◆ **Work item**:
Restate, word for word and with no pictures, the stretch of lines in the data below that begins at the line with "Use geofencing. Geofencing" and ends at the line with "CSV files are", inclusive.
═════ Provided data
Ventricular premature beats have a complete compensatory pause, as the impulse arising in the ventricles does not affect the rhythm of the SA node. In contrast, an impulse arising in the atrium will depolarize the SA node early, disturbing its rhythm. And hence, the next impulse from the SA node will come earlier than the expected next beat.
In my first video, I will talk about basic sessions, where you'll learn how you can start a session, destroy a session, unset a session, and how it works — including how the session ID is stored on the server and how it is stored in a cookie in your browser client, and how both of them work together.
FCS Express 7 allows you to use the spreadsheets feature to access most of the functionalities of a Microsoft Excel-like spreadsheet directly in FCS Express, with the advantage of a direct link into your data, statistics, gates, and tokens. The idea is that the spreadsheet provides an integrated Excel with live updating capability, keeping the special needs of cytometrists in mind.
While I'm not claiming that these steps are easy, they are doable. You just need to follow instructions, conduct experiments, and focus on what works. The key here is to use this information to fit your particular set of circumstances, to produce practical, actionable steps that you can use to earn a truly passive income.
══════════
═════ Provided data
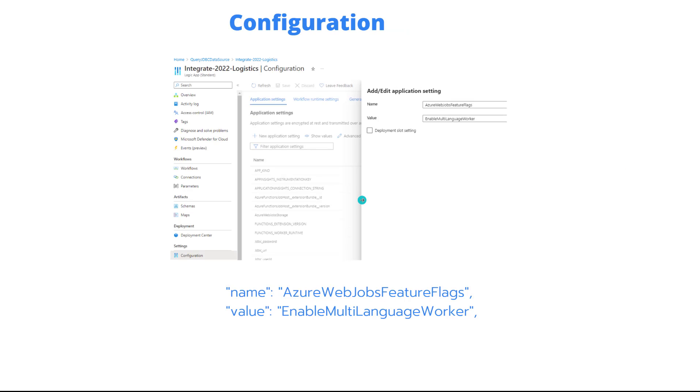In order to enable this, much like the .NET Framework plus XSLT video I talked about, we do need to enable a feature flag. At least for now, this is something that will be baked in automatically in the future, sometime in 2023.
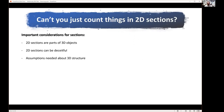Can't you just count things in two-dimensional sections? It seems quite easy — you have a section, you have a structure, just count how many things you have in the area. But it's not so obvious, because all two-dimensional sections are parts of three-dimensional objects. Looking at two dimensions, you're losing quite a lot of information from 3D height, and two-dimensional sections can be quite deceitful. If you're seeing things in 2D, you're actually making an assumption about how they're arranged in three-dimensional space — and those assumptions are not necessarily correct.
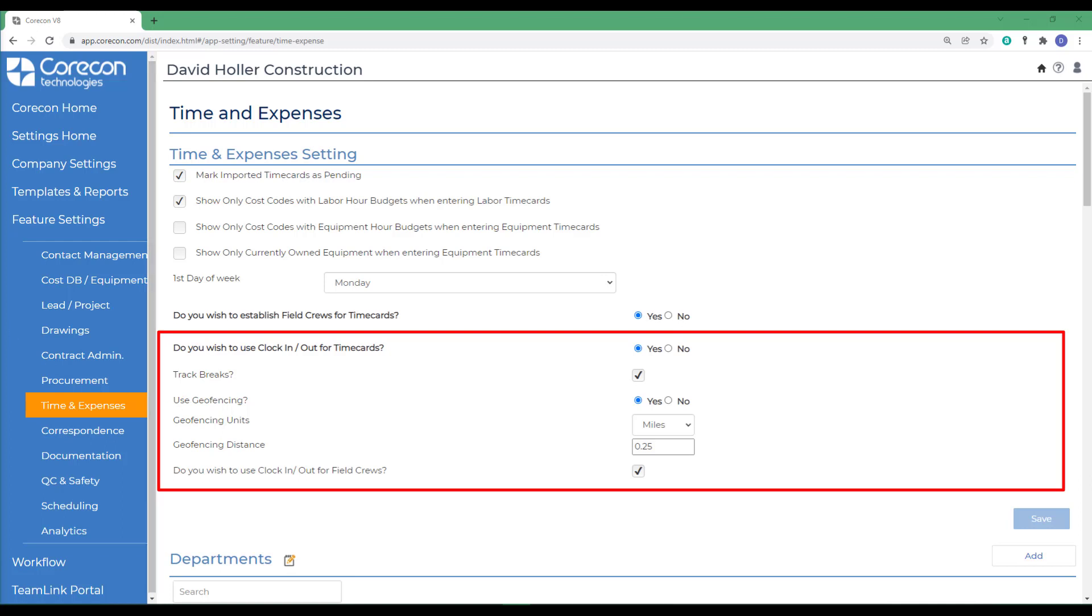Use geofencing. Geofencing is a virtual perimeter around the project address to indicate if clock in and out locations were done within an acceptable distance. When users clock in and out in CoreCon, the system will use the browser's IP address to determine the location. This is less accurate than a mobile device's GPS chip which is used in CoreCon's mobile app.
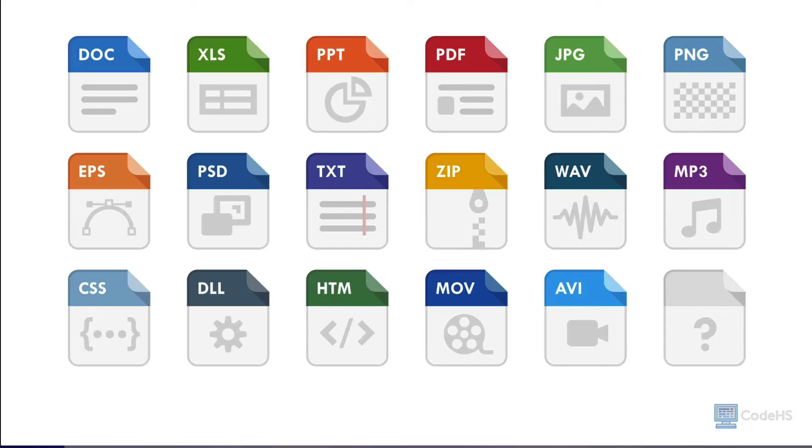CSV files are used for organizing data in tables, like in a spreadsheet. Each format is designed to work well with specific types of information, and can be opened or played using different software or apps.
══════════
◆ **Your response**:
Use geofencing. Geofencing is a virtual perimeter around the project address to indicate if clock in and out locations were done within an acceptable distance. When users clock in and out in CoreCon, the system will use the browser's IP address to determine the location. This is less accurate than a mobile device's GPS chip which is used in CoreCon's mobile app.
CSV files are used for organizing data in tables, like in a spreadsheet. Each format is designed to work well with specific types of information, and can be opened or played using different software or apps.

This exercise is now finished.